As you know, my biggest annoyance about Canada over the past 15 years has been the breathtakingly deep disparity between the economic growth in a few regions of this country compared to everywhere else. Since 1991, the population of Canada has grown by almost 5 million people. This population growth has been coupled with an unprecedented economic growth. But, almost incredibly, New Brunswick is actually losing population. And we are not alone. Nova Scotia, PEI, Newfoundland, northern Ontario, most of Quebec (outside Montreal), Manitoba and Saskatchewan all have population challenges.
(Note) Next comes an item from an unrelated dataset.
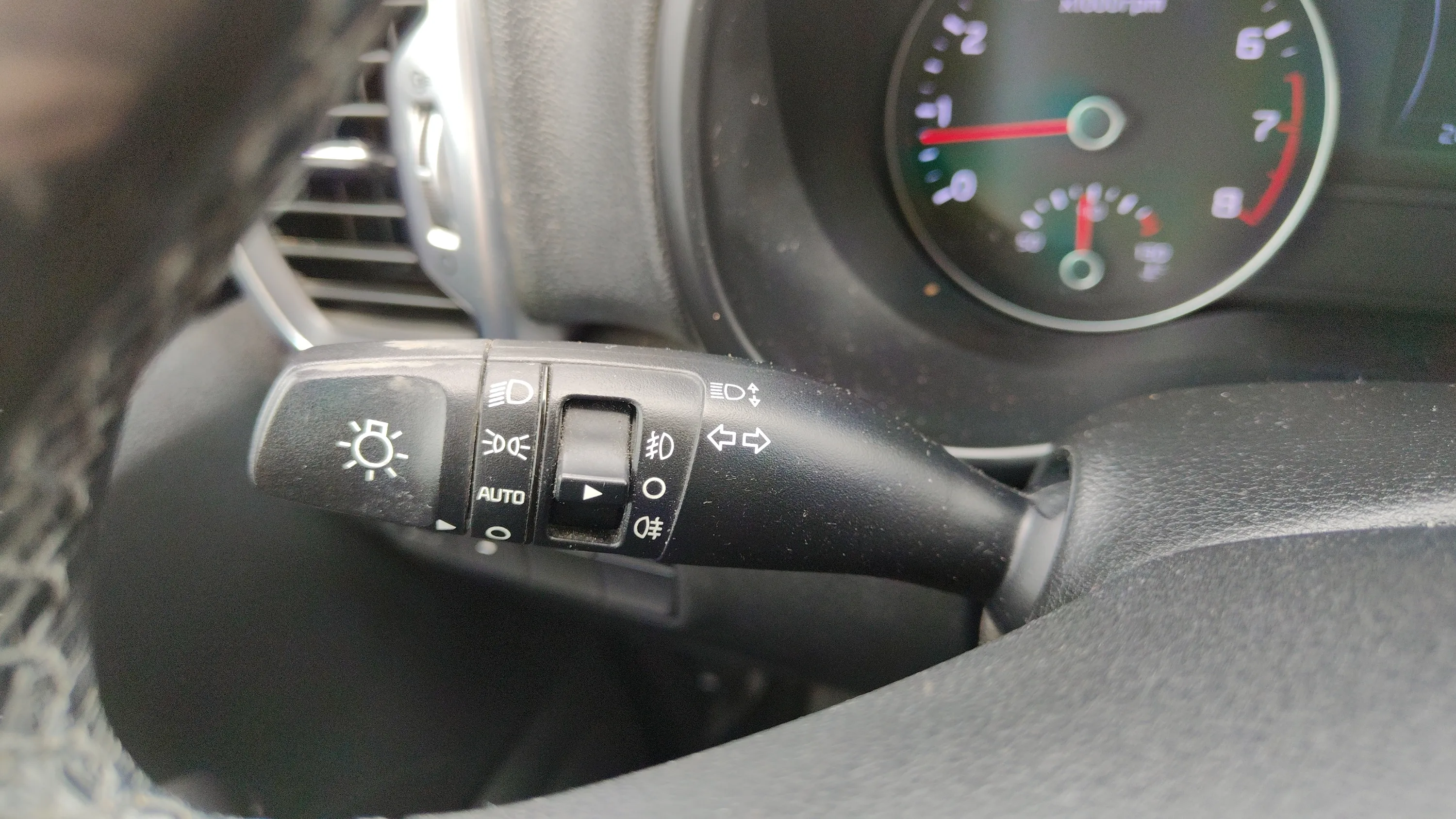 Kia Sportage 1.6 GDi Basic 4x2 - foto 18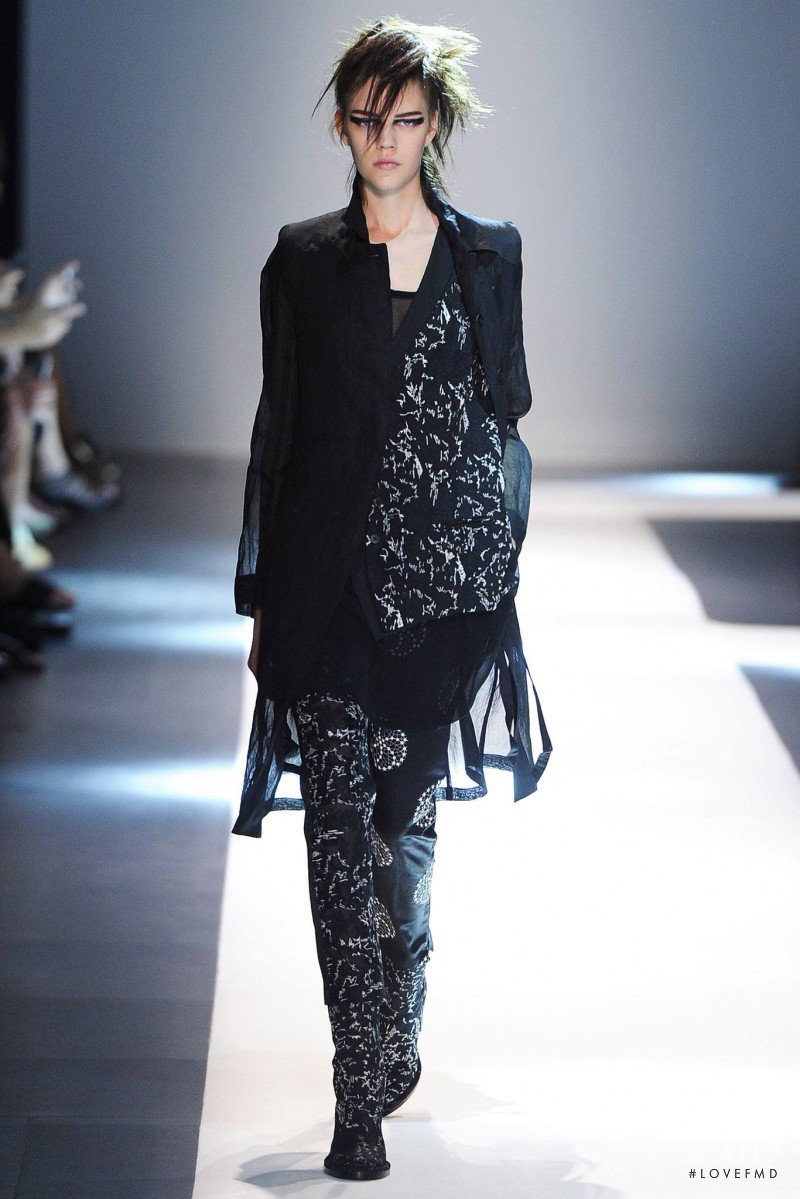 Ann Demeulemeester fashion show for Spring/Summer 2015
And how are the ‘rich’ areas of Canada responding? Well, by accelerating their efforts to raid what’s left of the poor regions’ best and brightest talent. Calgary, for example, has been running full page ads in markets like Winnipeg extolling the merits of moving to that fair city. Aberta reps were also recently in Moncton promoting jobs out west. And this talent recruitment effort is not limited to ‘skilled tradespeople’. IT workers, health care professionals are also being courted to move from ‘poor’ to ‘rich’ areas in Canada.

Now, I don’t think there should be formal efforts to stop governments from ‘raiding’ talent. I am not sure how you could stop it anyway.

I just think the optics of provincial governments aggressively recruiting away our best and brightest aren’t that good.

Who will be left, me and my cousin Ernie? Maybe you?

I just think this underscores the need for a real economic development strategy in New Brunswick. One where we can be recruiting Calgarians to move here. Don’t laugh. Over 50% of OAO Technology Solutions’ IT professionals were recruited into Moncton from outside New Brunswick back in the late 1990s (before they downsized but that’s another story).

I think a fairly good wedge of Canadians and immigrants would move here (not all but some) if there were good job opportunities.

But if there are not, they will not move here and further those that are left will continue to be courted to move out.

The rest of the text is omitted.